ENDLESS INFESTATION!I fully cleaned my tank and there are STILL snails
 
Snails aren't a bad thing. I have all sorts of snails in my tanks an they actually make it look natural
 
Thank you Emerald. That's the only answer I needed. Im all set with having to boil everything and bleach an empty tank in the future.
 
I also agree with you bubbles. I have a yellow mystery snail that is very nice, but I dont think I want hundreds of these little guys though. If they would breed in lnside my dwarf puffer tank I would do that, but my dp's would eat themselves to death.
 
If you want it to be as low maintenance as possible I suggest putting it in an area with indirect sunlight, like a windowsill.
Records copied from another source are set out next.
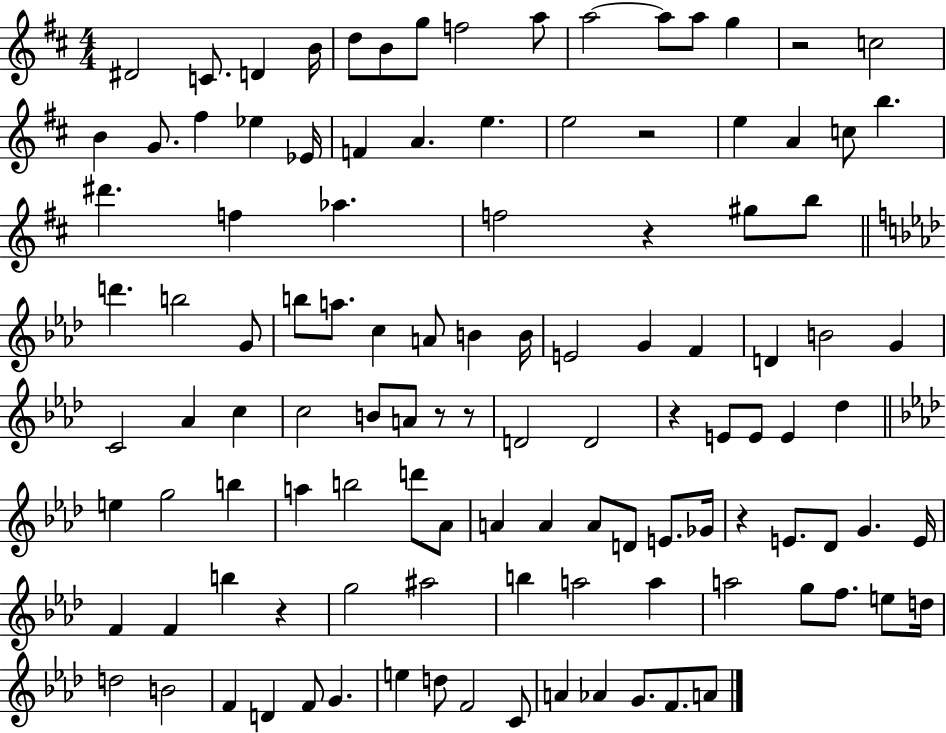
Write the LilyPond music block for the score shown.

{
  \clef treble
  \numericTimeSignature
  \time 4/4
  \key d \major
  dis'2 c'8. d'4 b'16 | d''8 b'8 g''8 f''2 a''8 | a''2~~ a''8 a''8 g''4 | r2 c''2 | \break b'4 g'8. fis''4 ees''4 ees'16 | f'4 a'4. e''4. | e''2 r2 | e''4 a'4 c''8 b''4. | \break dis'''4. f''4 aes''4. | f''2 r4 gis''8 b''8 | \bar "||" \break \key aes \major d'''4. b''2 g'8 | b''8 a''8. c''4 a'8 b'4 b'16 | e'2 g'4 f'4 | d'4 b'2 g'4 | \break c'2 aes'4 c''4 | c''2 b'8 a'8 r8 r8 | d'2 d'2 | r4 e'8 e'8 e'4 des''4 | \break \bar "||" \break \key f \minor e''4 g''2 b''4 | a''4 b''2 d'''8 aes'8 | a'4 a'4 a'8 d'8 e'8. ges'16 | r4 e'8. des'8 g'4. e'16 | \break f'4 f'4 b''4 r4 | g''2 ais''2 | b''4 a''2 a''4 | a''2 g''8 f''8. e''8 d''16 | \break d''2 b'2 | f'4 d'4 f'8 g'4. | e''4 d''8 f'2 c'8 | a'4 aes'4 g'8. f'8. a'8 | \break \bar "|."
} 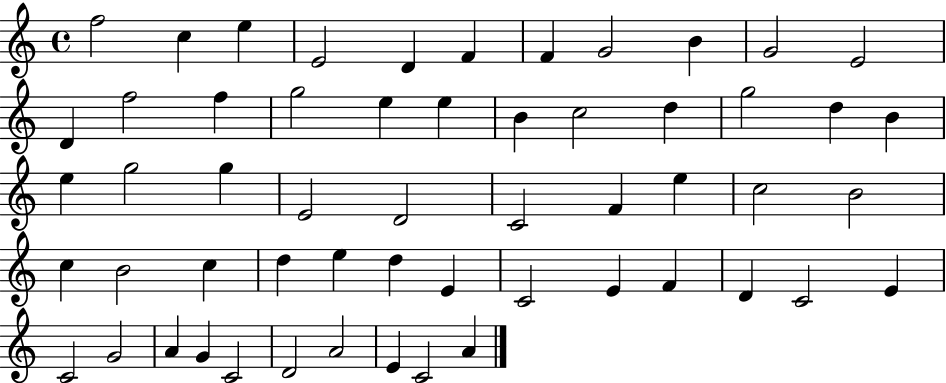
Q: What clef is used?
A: treble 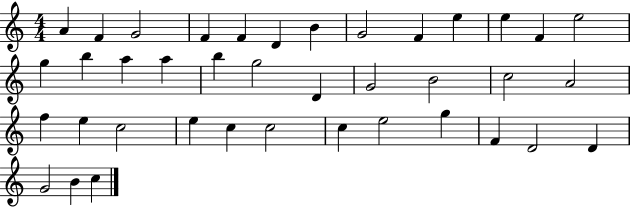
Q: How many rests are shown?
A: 0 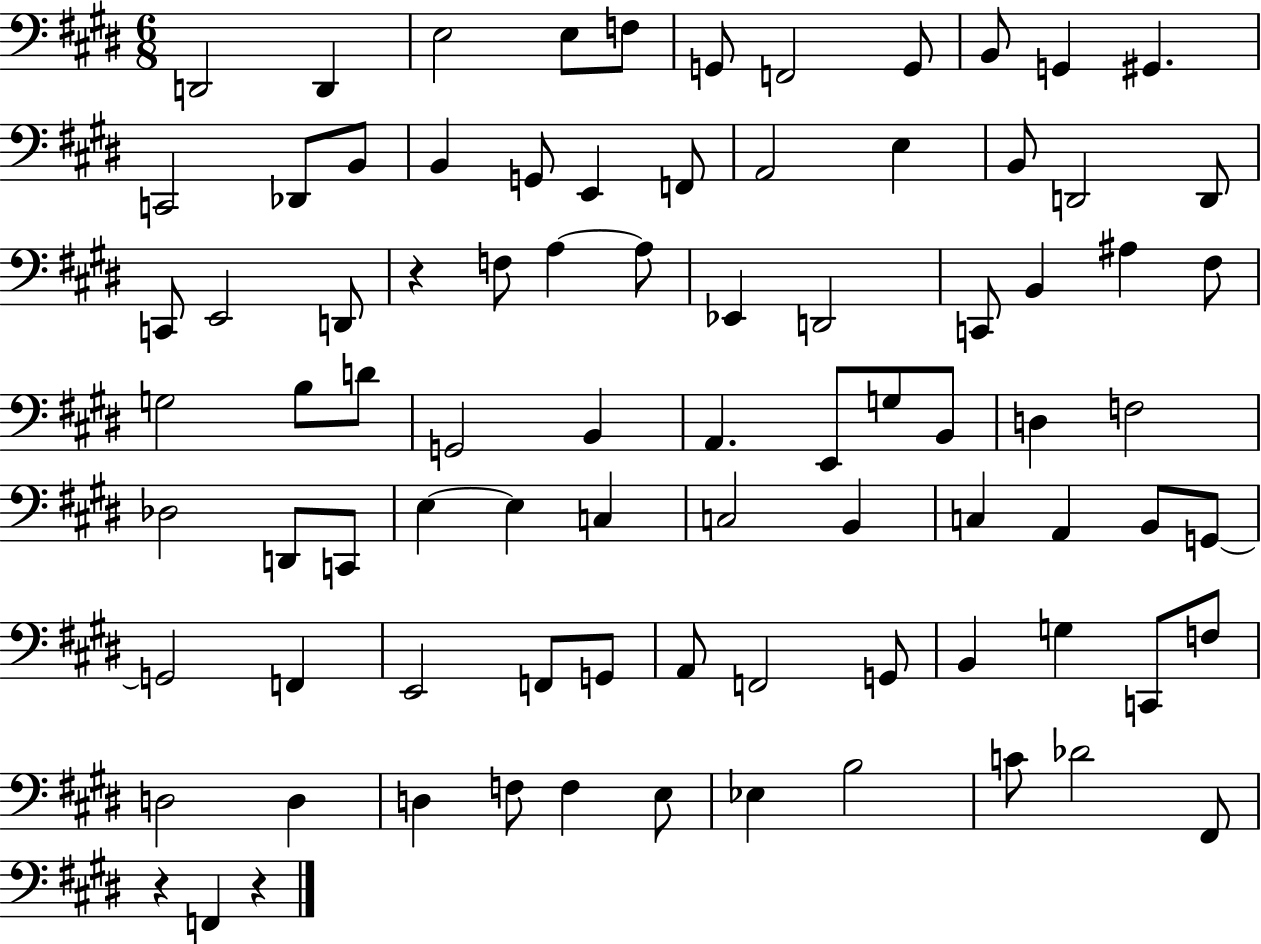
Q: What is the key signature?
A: E major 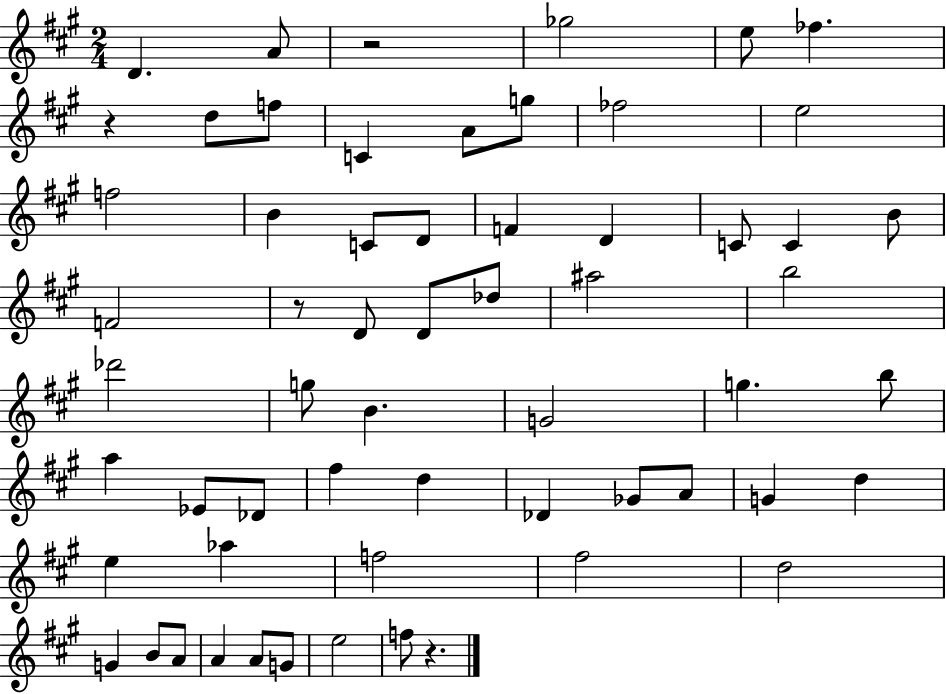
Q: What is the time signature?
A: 2/4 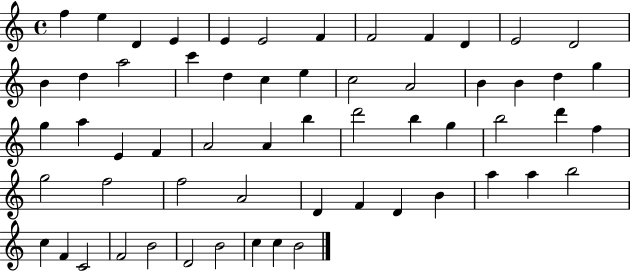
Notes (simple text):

F5/q E5/q D4/q E4/q E4/q E4/h F4/q F4/h F4/q D4/q E4/h D4/h B4/q D5/q A5/h C6/q D5/q C5/q E5/q C5/h A4/h B4/q B4/q D5/q G5/q G5/q A5/q E4/q F4/q A4/h A4/q B5/q D6/h B5/q G5/q B5/h D6/q F5/q G5/h F5/h F5/h A4/h D4/q F4/q D4/q B4/q A5/q A5/q B5/h C5/q F4/q C4/h F4/h B4/h D4/h B4/h C5/q C5/q B4/h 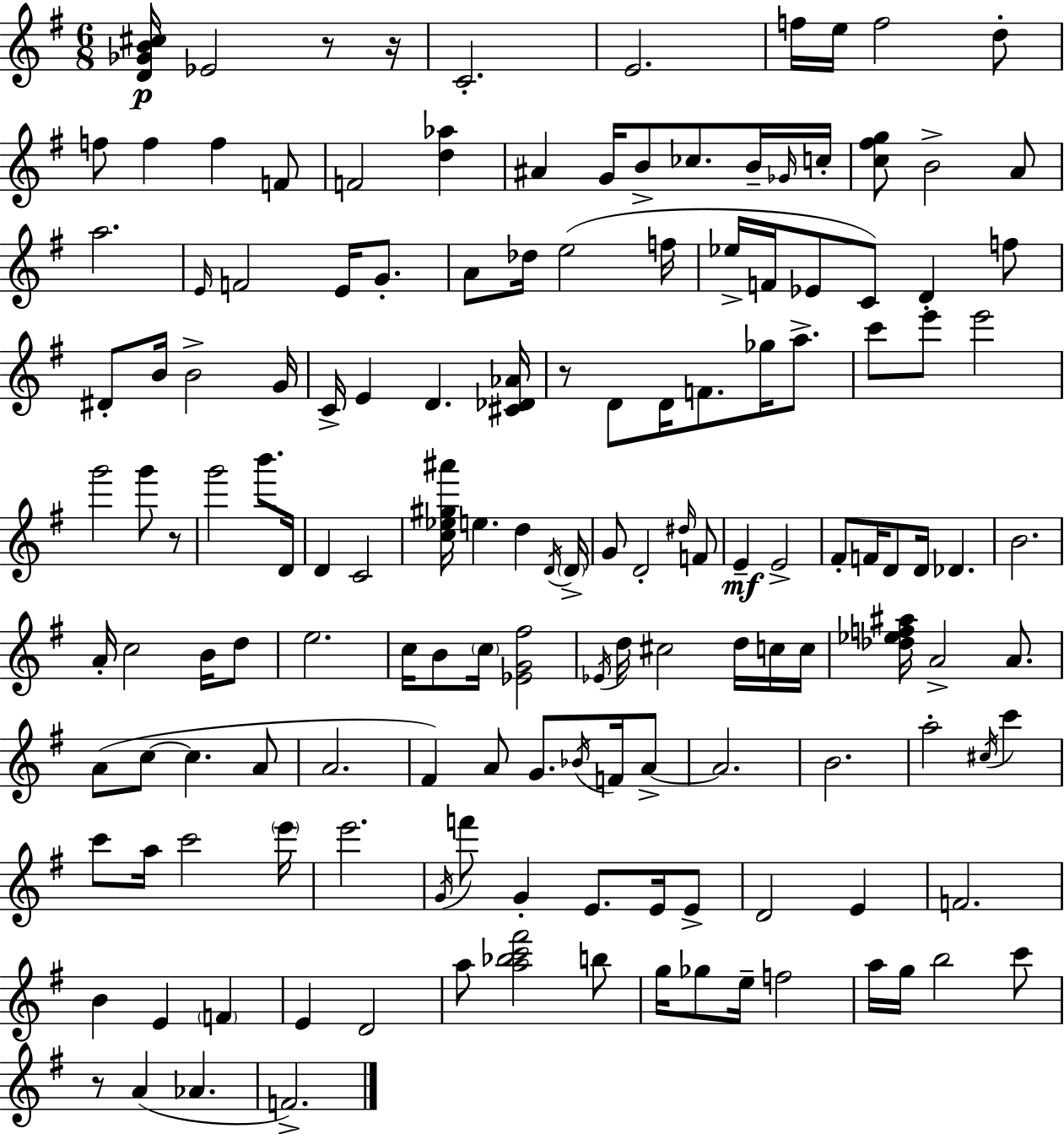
X:1
T:Untitled
M:6/8
L:1/4
K:Em
[D_GB^c]/4 _E2 z/2 z/4 C2 E2 f/4 e/4 f2 d/2 f/2 f f F/2 F2 [d_a] ^A G/4 B/2 _c/2 B/4 _G/4 c/4 [c^fg]/2 B2 A/2 a2 E/4 F2 E/4 G/2 A/2 _d/4 e2 f/4 _e/4 F/4 _E/2 C/2 D f/2 ^D/2 B/4 B2 G/4 C/4 E D [^C_D_A]/4 z/2 D/2 D/4 F/2 _g/4 a/2 c'/2 e'/2 e'2 g'2 g'/2 z/2 g'2 b'/2 D/4 D C2 [c_e^g^a']/4 e d D/4 D/4 G/2 D2 ^d/4 F/2 E E2 ^F/2 F/4 D/2 D/4 _D B2 A/4 c2 B/4 d/2 e2 c/4 B/2 c/4 [_EG^f]2 _E/4 d/4 ^c2 d/4 c/4 c/4 [_d_ef^a]/4 A2 A/2 A/2 c/2 c A/2 A2 ^F A/2 G/2 _B/4 F/4 A/2 A2 B2 a2 ^c/4 c' c'/2 a/4 c'2 e'/4 e'2 G/4 f'/2 G E/2 E/4 E/2 D2 E F2 B E F E D2 a/2 [a_bc'^f']2 b/2 g/4 _g/2 e/4 f2 a/4 g/4 b2 c'/2 z/2 A _A F2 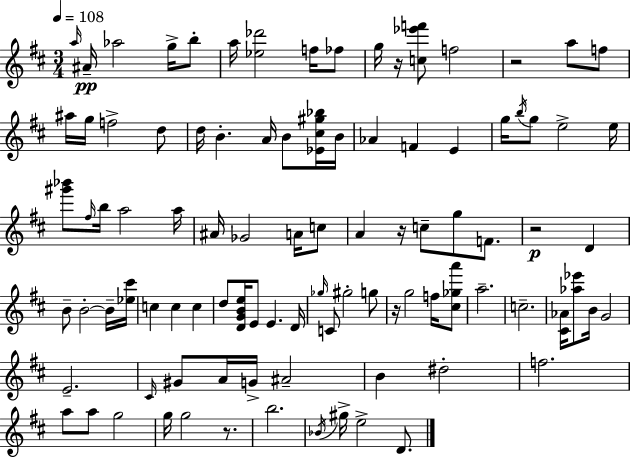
{
  \clef treble
  \numericTimeSignature
  \time 3/4
  \key d \major
  \tempo 4 = 108
  \grace { a''16 }\pp ais'16-- aes''2 g''16-> b''8-. | a''16 <ees'' des'''>2 f''16 fes''8 | g''16 r16 <c'' ees''' f'''>8 f''2 | r2 a''8 f''8 | \break ais''16 g''16 f''2-> d''8 | d''16 b'4.-. a'16 b'8 <ees' cis'' gis'' bes''>16 | b'16 aes'4 f'4 e'4 | g''16 \acciaccatura { b''16 } g''8 e''2-> | \break e''16 <gis''' bes'''>8 \grace { fis''16 } b''16 a''2 | a''16 ais'16 ges'2 | a'16 c''8 a'4 r16 c''8-- g''8 | f'8. r2\p d'4 | \break b'8-- b'2-.~~ | b'16-- <ees'' cis'''>16 c''4 c''4 c''4 | d''8 <d' g' b' e''>16 e'8 e'4. | d'16 \grace { ges''16 } c'8 gis''2-. | \break g''8 r16 g''2 | f''16 <cis'' ges'' a'''>8 a''2.-- | c''2.-- | <cis' aes'>16 <aes'' ees'''>8 b'16 g'2 | \break e'2.-- | \grace { cis'16 } gis'8 a'16 g'16-> ais'2-- | b'4 dis''2-. | f''2. | \break a''8 a''8 g''2 | g''16 g''2 | r8. b''2. | \acciaccatura { bes'16 } gis''16-> e''2-> | \break d'8. \bar "|."
} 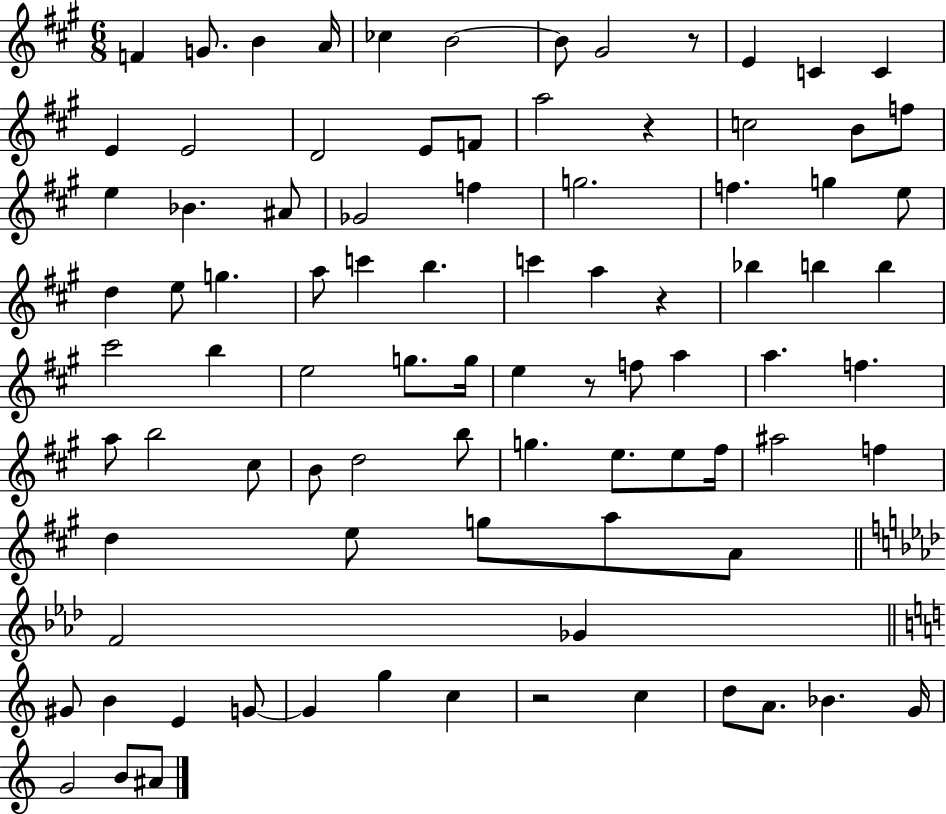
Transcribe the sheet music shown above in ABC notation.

X:1
T:Untitled
M:6/8
L:1/4
K:A
F G/2 B A/4 _c B2 B/2 ^G2 z/2 E C C E E2 D2 E/2 F/2 a2 z c2 B/2 f/2 e _B ^A/2 _G2 f g2 f g e/2 d e/2 g a/2 c' b c' a z _b b b ^c'2 b e2 g/2 g/4 e z/2 f/2 a a f a/2 b2 ^c/2 B/2 d2 b/2 g e/2 e/2 ^f/4 ^a2 f d e/2 g/2 a/2 A/2 F2 _G ^G/2 B E G/2 G g c z2 c d/2 A/2 _B G/4 G2 B/2 ^A/2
Add some fast growing plants like anacharis, duckweed, etc, and it will keep the water oxygenated enough to keep the snails alive plus it'll give them something else to pick at. The algae alone is a great food source for them.
 
Thanks Jeta, I have some decisions to make. Maybe I will do that, it sounds healthier then what i have going now.
 
Not sure what tank u have ur dp's in. Also, never had snails but would a divider work in ur dp's tank? Wouldn't need to take a lot of space from the puffers. Or could the snails get around or over the divider? Maybe someone else could answer that. Whatever u decide I hope it works for u
 
Thanks Aaronjohn but Ive learned from other puffer keepers here when I started my puffer quest that the key to happy puffers is space. I have 2 dwarfs in a 10 gallon which is good. I have thought about using a floating breeder and drilling a small hole in the bottom. This way the snail waste will creep out and get filtered, and any snails who venture out will be food, like a time release feeding. If I do that I will definately check in with updates if it works.
 
Just a thought. I wasn't sure if it'd work or not. What about a breeder trap? The plastic floating kind.
 
aaronjohn20 said:
Just a thought. I wasn't sure if it'd work or not. What about a breeder trap? The plastic floating kind.

I bred a few hundred snails by accident in one of those! They won't get huge but I started with two and ended up killing 200 or more
 
My final decision (for now). I'm going to continue using the plastic quart container, semi covered, unfiltered, small plastic plant. I have confiscated a small screen strainer basket I've used for rinsing fruit and dedicated it for this. Every Saturday pour the whole container through the basket, eggs and most snails stay in container, whatever comes out stays in basket, refill container, put screen contents back in, add algae tab, feed puffers, wait til next Saturday. Ive used my floating breeder in the begining, it works well, but kind of an eye sore.